■ **GOAL OF THE EXERCISE**: Begin the copy at the line that contains "PAIR ANTIQUE Oak", end it at the last line of the entries below, keep every word exact, and include no pictures.

■ **RECORDS TO PROCESS**:
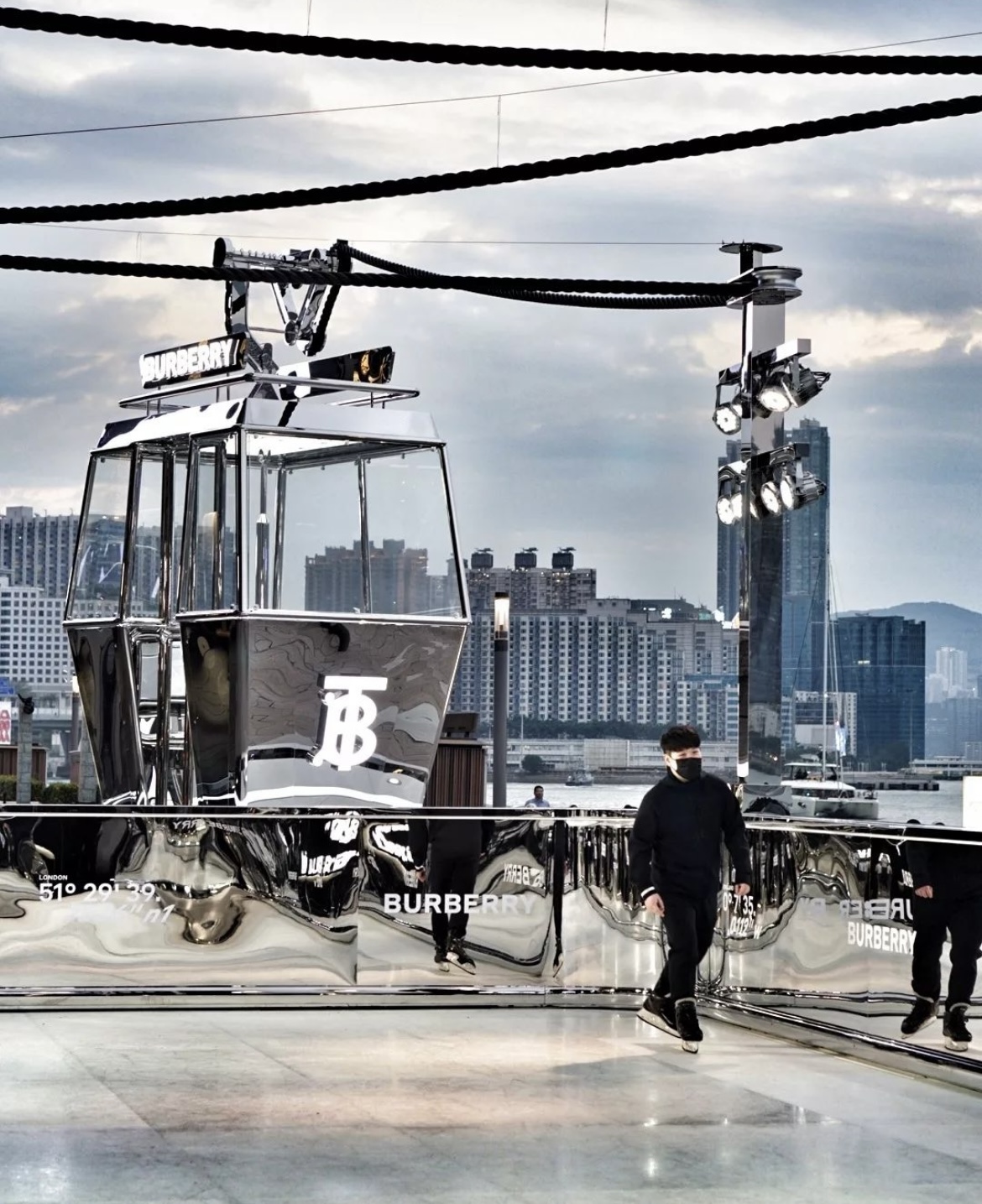ice skating rink burberry hong kong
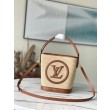 Borsa a secchiello LV Petit Rafia M59962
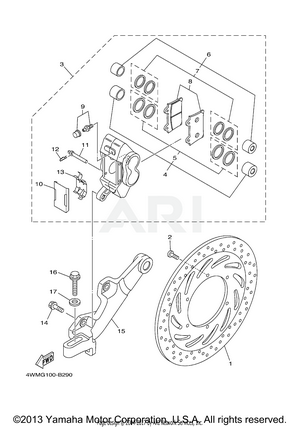 REAR BRAKE CALIPER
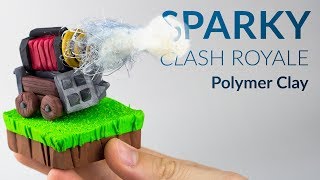 Sparky Clash Royale – Polymer Clay Tutorial [upl. by Svend]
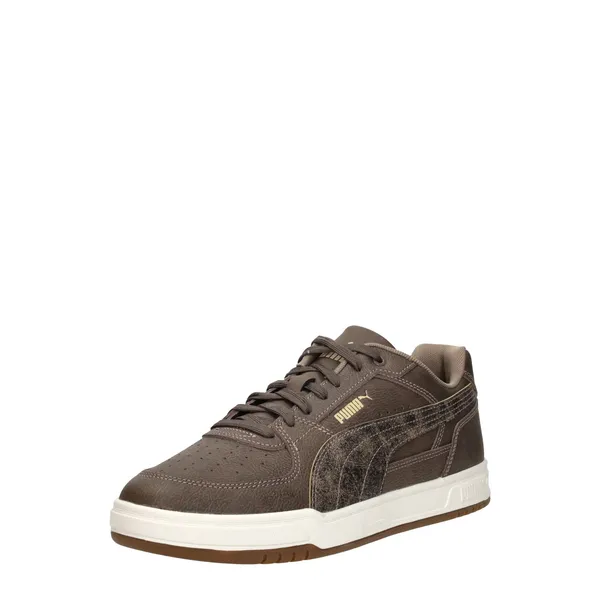Puma Caven III Crafted Leather Chocolate-Cashew Brown-Gum, foto 2 van 4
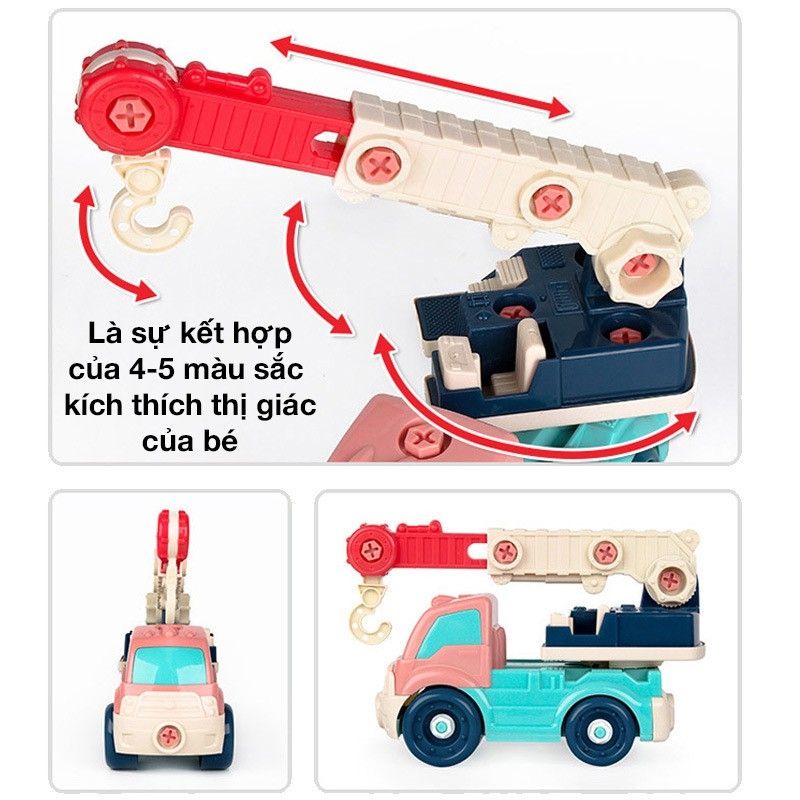 XE CÔNG TRÌNH THÁO NẮP ĐƯỢC CHO BÉ THỎA SỨC SÁNG TẠO♡♡♡
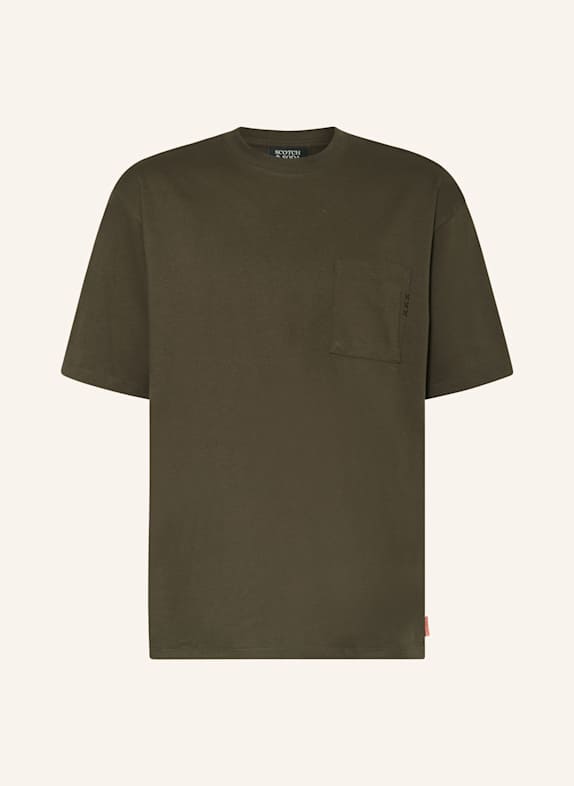 SCOTCH & SODA T-shirt DARK BROWN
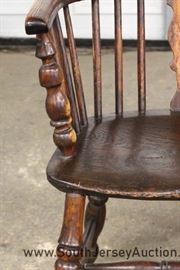 PAIR ANTIQUE Oak Double Coned Windsor Chairs 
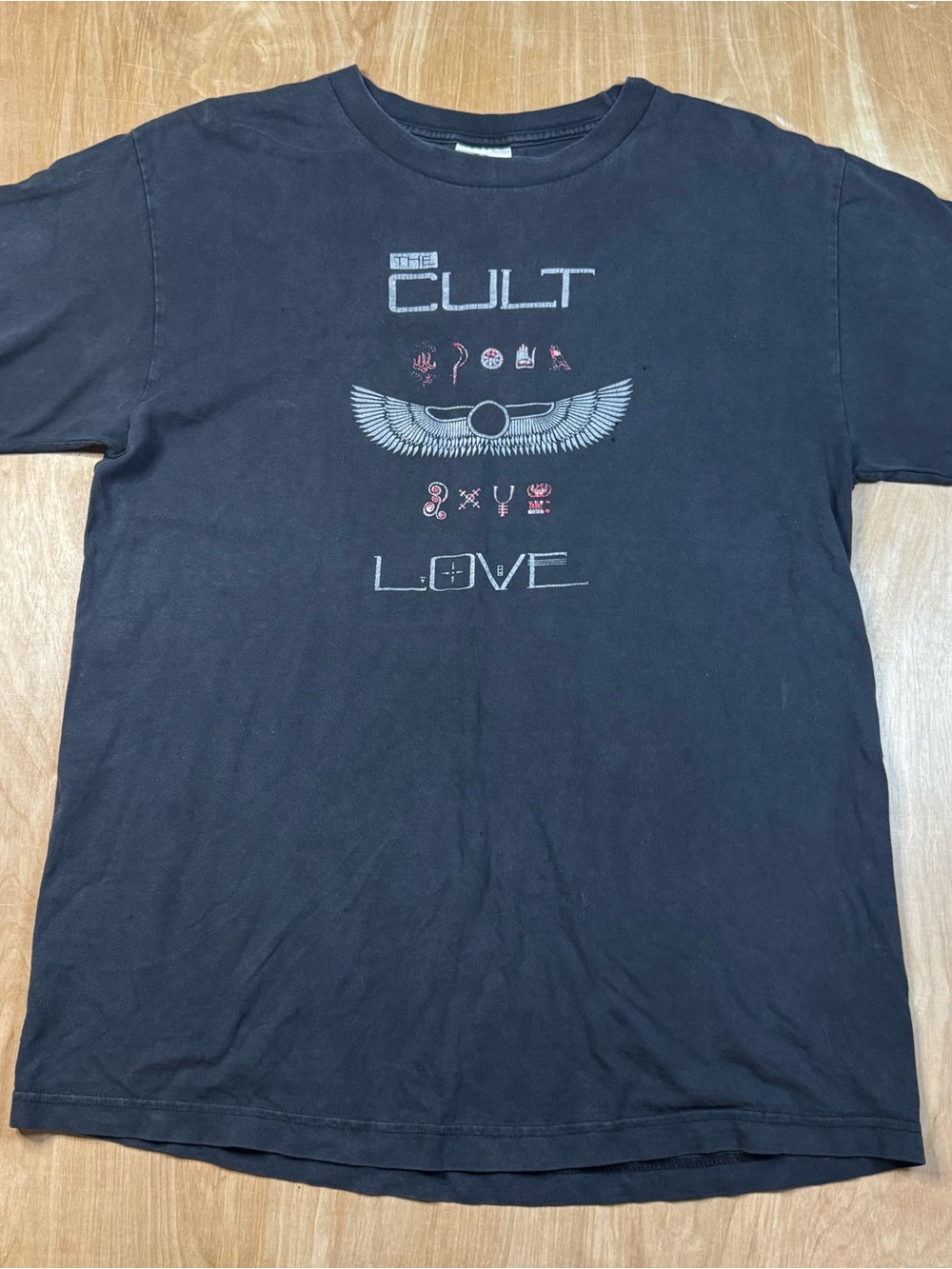 The Cult Love Mens Black Short Sleeve Vintage T-Shirt Size Large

■ **RESULT FOR THIS TASK**:
 PAIR ANTIQUE Oak Double Coned Windsor Chairs 
 The Cult Love Mens Black Short Sleeve Vintage T-Shirt Size Large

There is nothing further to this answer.